The picture – initially published in 2022, after years of intense work by an international team called the Event Horizon Telescope (EHT) collaboration – was a stunning insight into the swirling mass that sits at the heart of the Milky Way galaxy.

The image famously showed a doughnut-shaped ring with a round orange shape and a dark hole in the middle. The dark region at the centre is the black hole itself, and the orange shows the gas that has been heated to intense temperatures by the powerful gravitational forces around it.

This is the first image of Sagittarius A* (or Sgr A* for short), the supermassive black hole at the center of our galaxy. It was captured by the Event Horizon Telescope
This is the first image of Sagittarius A* (or Sgr A* for short), the supermassive black hole at the center of our galaxy. It was captured by the Event Horizon Telescope (Reuters)

But a new study suggests that shape is wrong. In fact, the disk of accreted material around the black hole may be longer, according to the new research led by the National Astronomical Observatory of Japan.

The study flies in the face of vast amounts of research both to gather and then verify the data used to create the original image.

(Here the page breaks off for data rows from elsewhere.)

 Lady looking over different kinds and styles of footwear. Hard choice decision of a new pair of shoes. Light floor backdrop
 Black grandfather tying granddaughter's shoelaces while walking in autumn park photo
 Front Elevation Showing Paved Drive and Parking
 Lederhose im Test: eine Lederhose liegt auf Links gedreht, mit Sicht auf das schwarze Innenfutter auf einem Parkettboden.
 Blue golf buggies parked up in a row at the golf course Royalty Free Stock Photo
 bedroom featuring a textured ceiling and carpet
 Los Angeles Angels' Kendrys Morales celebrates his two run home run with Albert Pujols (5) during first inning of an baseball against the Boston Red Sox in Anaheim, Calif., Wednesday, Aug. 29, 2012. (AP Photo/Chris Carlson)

Researchers say however that errors in the process might have led the data to be wrongly analysed. They made the claim after looking at the data, originally gathered in 2017, that was used to create the image.

“Our image is slightly elongated in the east-west direction, and the eastern half is brighter than the western half,” said Miyoshi Makoto, from the NAOJ.

“We think this appearance means the accretion disk surrounding the black hole is rotating at about 60 per cent of the speed of light.

“Why, then, did the ring-like image emerge? Well, no telescope can capture an astronomical image perfectly.

“We hypothesise that the ring image resulted from errors during EHT’s imaging analysis and that part of it was an artefact, rather than the actual astronomical structure.”

A paper describing the claims, ‘An independent hybrid imaging of Sgr A* from the data in EHT 2017 observations’, is published in the journal Monthly Notices of the Royal Astronomical Society.